The analysis, if you can call it that, of the Browns' schedule on the NFL's web site concludes they "can't catch a break."
Let's see. For the 13th time in 14 seasons, the Browns open the season at home. This one is against a 8-8 team that Pat Shurmur and Brad Childress ought to know better than most. Not that there's much proof of it locally, but opening at home is considered an advantage throughout the NFL for a reason that's pretty obvious. It beats the alternative.
Other than being the gift that keeps not giving -- they're 1-12 -- opening at home is still a break considering the game could be in Philadelphia where Eagles fans do a pretty good impersonation of the Visigoths and are coming off a season that left them particularly incensed.

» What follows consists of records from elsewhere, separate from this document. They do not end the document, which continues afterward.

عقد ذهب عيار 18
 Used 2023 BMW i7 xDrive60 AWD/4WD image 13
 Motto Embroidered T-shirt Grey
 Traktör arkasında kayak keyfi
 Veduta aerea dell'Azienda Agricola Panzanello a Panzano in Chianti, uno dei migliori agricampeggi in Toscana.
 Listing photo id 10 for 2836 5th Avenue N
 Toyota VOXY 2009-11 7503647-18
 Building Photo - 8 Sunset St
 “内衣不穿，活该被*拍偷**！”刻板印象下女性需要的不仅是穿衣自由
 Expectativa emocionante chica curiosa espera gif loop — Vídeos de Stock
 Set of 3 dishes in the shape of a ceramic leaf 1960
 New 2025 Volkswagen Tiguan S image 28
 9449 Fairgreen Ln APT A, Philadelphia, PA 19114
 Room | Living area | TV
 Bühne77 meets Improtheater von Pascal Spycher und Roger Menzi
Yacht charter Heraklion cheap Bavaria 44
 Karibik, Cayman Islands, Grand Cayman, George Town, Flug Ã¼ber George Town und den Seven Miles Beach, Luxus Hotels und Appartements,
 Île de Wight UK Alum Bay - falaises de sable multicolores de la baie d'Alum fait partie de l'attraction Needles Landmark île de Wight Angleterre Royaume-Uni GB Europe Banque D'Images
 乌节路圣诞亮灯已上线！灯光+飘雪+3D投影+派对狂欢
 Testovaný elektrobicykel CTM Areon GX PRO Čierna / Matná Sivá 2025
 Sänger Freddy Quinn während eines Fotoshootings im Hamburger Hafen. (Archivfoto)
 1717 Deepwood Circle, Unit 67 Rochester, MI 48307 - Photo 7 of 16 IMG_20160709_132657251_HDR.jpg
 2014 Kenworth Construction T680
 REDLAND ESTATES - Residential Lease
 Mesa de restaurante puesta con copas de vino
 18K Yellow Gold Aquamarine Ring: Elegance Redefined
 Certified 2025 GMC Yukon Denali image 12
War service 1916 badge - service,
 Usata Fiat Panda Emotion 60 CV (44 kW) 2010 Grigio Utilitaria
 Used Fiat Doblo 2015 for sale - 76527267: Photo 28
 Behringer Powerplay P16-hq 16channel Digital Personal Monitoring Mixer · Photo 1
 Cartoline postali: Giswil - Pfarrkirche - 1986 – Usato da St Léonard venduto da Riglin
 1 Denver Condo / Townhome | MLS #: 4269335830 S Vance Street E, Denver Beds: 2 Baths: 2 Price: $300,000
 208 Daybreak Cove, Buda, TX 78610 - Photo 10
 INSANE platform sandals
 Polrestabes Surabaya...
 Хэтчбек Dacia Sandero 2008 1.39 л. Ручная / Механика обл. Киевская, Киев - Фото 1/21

The Browns have home games with Buffalo, Kansas City and Washington. Combined record in 2011: 18-30. Since you have to play somebody, this is the definition of the fairly evenly matched somebody you'd want to get at home.
They'll face two rookie quarterbacks (presumably) in Andrew Luck and Robert Griffin III. Why wouldn't a Browns' defense that held the Steelers to 27 points in two games be up to confusing rookie quarterbacks (not named Dalton)? It's no more helpful to imagine whether Peyton Manning will be his old self in late December when the Browns visit Denver than it is to imagine him in a neck brace by Halloween.
A year ago, you were looking at the schedule and figuring a game at Indy for a loss and a crack at Alex Smith and the 49ers as a possible win. The opposite happened.
The Browns play the AFC West and the NFC East this time around. Of the eight teams in those two divisions, only the Giants had a winning record in 2011 (9-7).
The Browns have proven they can turn any schedule into an unnatural disaster. Until it happens in 2012 let's agree to hold off on the doomsday scenarios.
At least until 4 p.m. Sunday, Sept 9, when we get a glimpse as to whether the NFL Mayans are on to something.